Nei vivai o al supermercato, fra le bustine delle sementi per inventarsi coltivatori anche sul balcone del monolocale cittadino, c’era un unico grande assente. L’aglio. Se ora c’è si deve a un coltivatore di Fenil del Turco, provincia di Rovigo, Pierino Romagnolo, titolare dell’azienda agricola che porta il suo nome e che per prima ha deciso di adibire parte della coltivazione all’aglio da seme per hobbistica.
Il grande assente
«Mi sono accorto che le rivendite di semi per l’orto casalingo non avevano l’aglio – racconta – così abbiamo pensato di colmare il vuoto; oggi forniamo bulbi da seme nelle più svariate confezioni, l’ultima in cubetti da trapianto, che consentono a chiunque di avere il prodotto fresco da raccogliere in terrazza o sul balcone». Anche all’11. piano o più su, viste le dimensioni contenute del vaso. Il prossimo passo è vendere le piantine già avviate, «così tempo un paio di mesi raccogli», spiega Romagnolo, che parla del suo prodotto come di un bambino.
Nove mesi
L’aglio «resta nel grembo della terra nove mesi. Non basta selezionare il seme e piantarlo, occorre accudirlo perché sbalzi di temperatura e piovosità rischiano di farlo ammalare. A seconda della varietà abbiamo seminato fra settembre e novembre; per fortuna ora è arrivato il freddo, a tenere a bada i possibili parassiti». E poi c’è la raccolta: quella tradizionale che non danneggia i bulbi è fatta interamente a mano, così come l’intreccio.
Una volta intrecciato l’aglio parte per i surmercati del Nord Italia (come Esselunga) e arriva fino a Slovenia e Croazia.

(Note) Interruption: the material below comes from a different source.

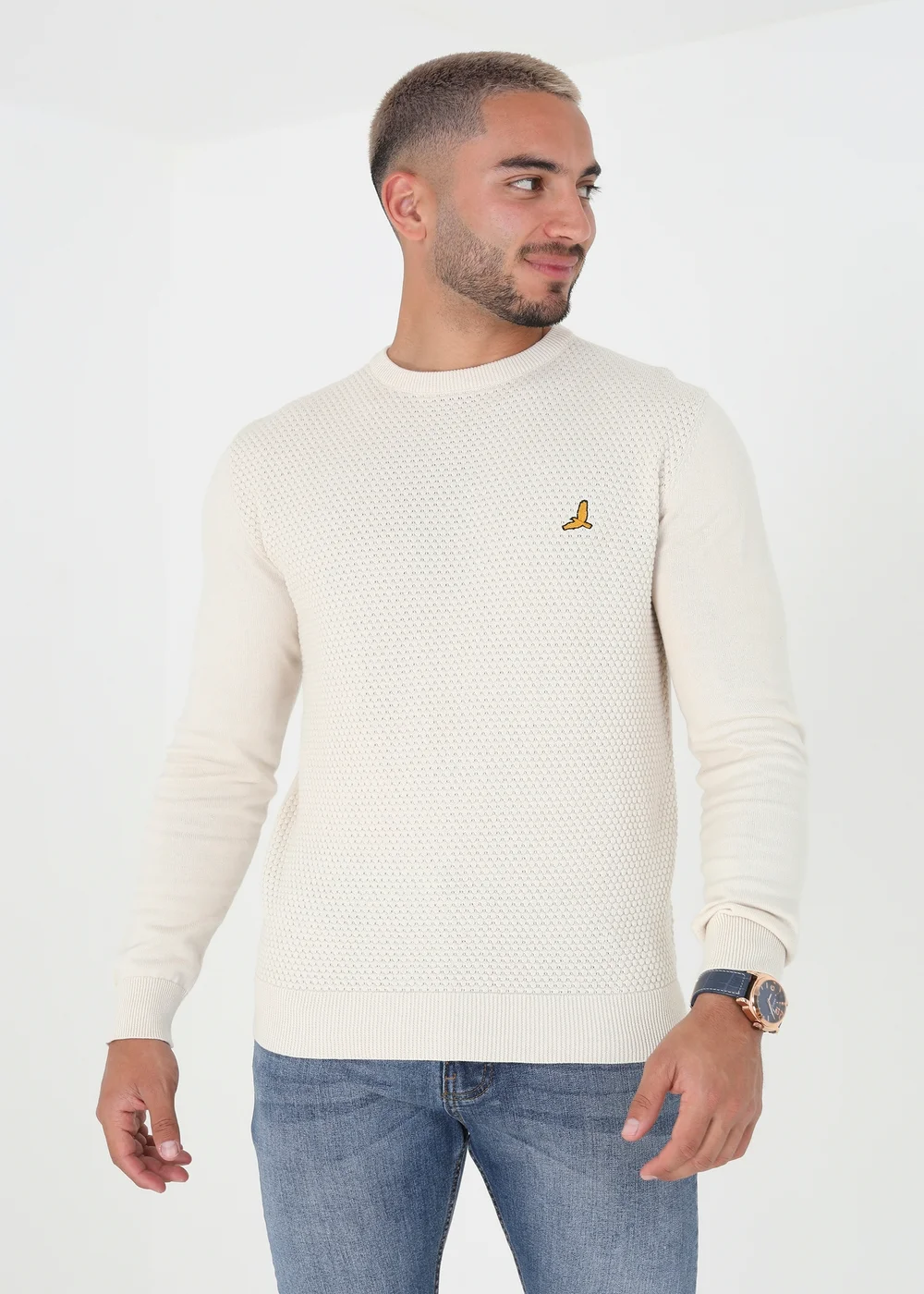 Brave Soul Ecru Crew Neck Waffle Knit Jumper - S Image 1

Alla Romagnolo lavorano marito e moglie, due dipendenti e alcuni stagionali quando la fase della lavorazione lo richiede: «Ci sono persone che lavorano con me da vent’anni, hanno professionalità e spirito di sacrificio. Perché la fatica è grande, i costi sono tanti e i margini sempre più risicati, senza una squadra affiatata sarebbe impossibile fare reddito, mantenere posti di lavoro. Questa è una lavorazione complessa, che si tramanda dalle precedenti generazioni, ma i giovani spesso scelgono di fare altro» racconta Romagnolo, due figli, uno ingegnere, l’altro (il più piccolo) abituato fin da quando aveva 10 anni a partecipare alle fiere europee come Fruit Logistica a Berlino.
La svolta Dop
Una svolta è arrivata con il riconoscimento della Dop, denominazione di origine protetta, per l’aglio bianco polesano, la cui produzione è documentata dall’800: «L’aglio ha dei detrattori. Perché il suo sapore è incompatibile con l’ipocrisia. Quando c’è si sente», si legge nel sito dedicato,
Il disciplinare approvato spiega che l’Aglio Bianco Polesano “è una pianta con bulbi di colore bianco brillante uniforme data l’assenza di striature di altro colore, di forma regolare e compatta, leggermente appiattiti nel punto di inserimento dell’apparato radicale. Le foglie, lanceolate e strette hanno una colorazione verde/azzurra. Il bulbo deve essere di forma rotondeggiante – regolare con un leggero appiattimento della parte basale, di colore bianco lucente, ed esente da fitopatologie. Il bulbo è costituto da un numero di bulbilli variabile che risultano tra loro uniti in maniera compatta e con una caratteristica curvatura della parte esterna. I bulbilli che lo compongono devono essere perfettamente adiacenti l’uno con l’altro. Le tuniche che li avvolgono hanno colorazione rosata di varia intensità nella parte concava, bianca in quella convessa. La Dop è ottenuta con l’ecotipo Bianco Polesano e la varietà Avorio”.
Un aglio al Quirinale
La Dop è stato un investimento sulla qualità, minacciata anche dal possibile aumento del contingente di aglio cinese (il maggior produttore mondiale) in Europa. Ora, per sostenere una produzione territoriale e insieme la sua storia, si organizzano convegni e collaborazioni con chef e scuole alberghiere per fare il punto sulle qualità dell’aglio e gli usi possibili nelle ricette. Intanto, l’oro bianco ha già incassato il gradimento dello chef Fabrizio Boca, capo cucni a del segretariato generale della presidenza della Repubblica. Dopo un primo contatto e l’invio di una fornitura di prova, si è passati a tre-quattro consegne all’anno con carichi di una ventina di chili di trecce.